Read on for the Case study or you can watch this project by clicking the link below!

Let’s start with the Business NEED

Business Problem: A globally known Café sells dessert and coffee items through their website and has multiple cafés globally. They aim to gain insights into customer interactions on their website to make data-driven decisions for better business outcomes.

Pain Points Identified:

1. Lack of Customer Insights: Difficulty in understanding customer behavior on the website.

2. Inefficient Marketing: Inability to target marketing efforts effectively due to insufficient data.

3. Operational Inefficiencies: Challenges in streamlining café operations without data-driven insights.

4. Expansion Uncertainty: Lack of actionable data to decide on new café locations.

The Solution:

I designed and implemented a data analytics pipeline using AWS services to capture, store, and analyze clickstream data from AnyCompany Café’s website.
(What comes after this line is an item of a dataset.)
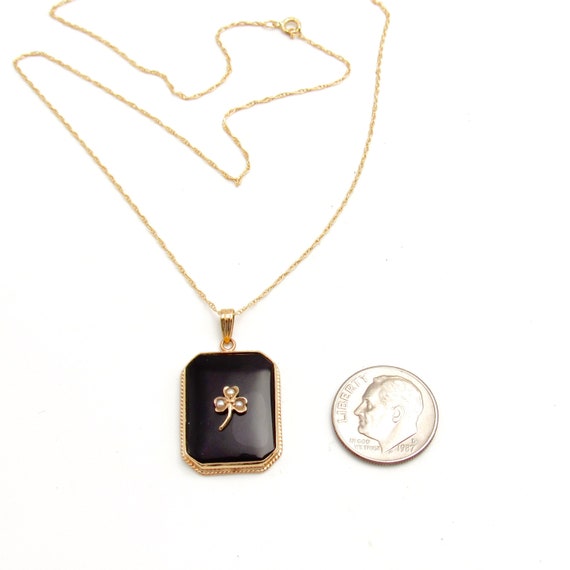 Art Deco 10K Gold Onyx & Seed Pearl Pendant | Ant… - image 10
This solution provides real-time insights into customer behavior to inform business decisions, improve usability, and boost conversion rates.

Implementation of AWS Services:

Amazon EC2: For hosting the web server.
Amazon CloudWatch: For logging, monitoring, and dashboarding.
Amazon S3 & S3 Select: For data storage and querying using S3 Select.
AWS Cloud9: For development and management environment.
IAM Role: For secure access and permissions management.

Proposed Architecture:

Building a Data Pipeline to Support Analyzing Clickstream Data with AWS

Costs

The project required that I price the solution along with the architecture and the dashboard. AWS Cost Calculator is one of my favorite tools when working on Architecture projects. Money is a huge factor when migrating from legacy architecture, to a more modern cloud, such as Amazon Web Services.

Here is a snapshot of the costs:

AWS Pricing calculator helps retain costs when implementing your Cloud solution.

Details matter, so below is my cost process along with business impacts of each cost. My strategy is always to view the business impacts of any architecture and solution that I suggest.

Step 1: Create Estimate

1. Description: AnyCompany Café Data Pipeline

* Why: Provides a clear identifier for the purpose of the EC2 instance, aiding in tracking and management.

* Business Impact: Helps in easy identification and management of the EC2 resources specific to the data pipeline, ensuring organized resource handling.

2. Choose a Location Type: Region

* Why: Selecting a specific region helps in optimizing latency and compliance with local regulations.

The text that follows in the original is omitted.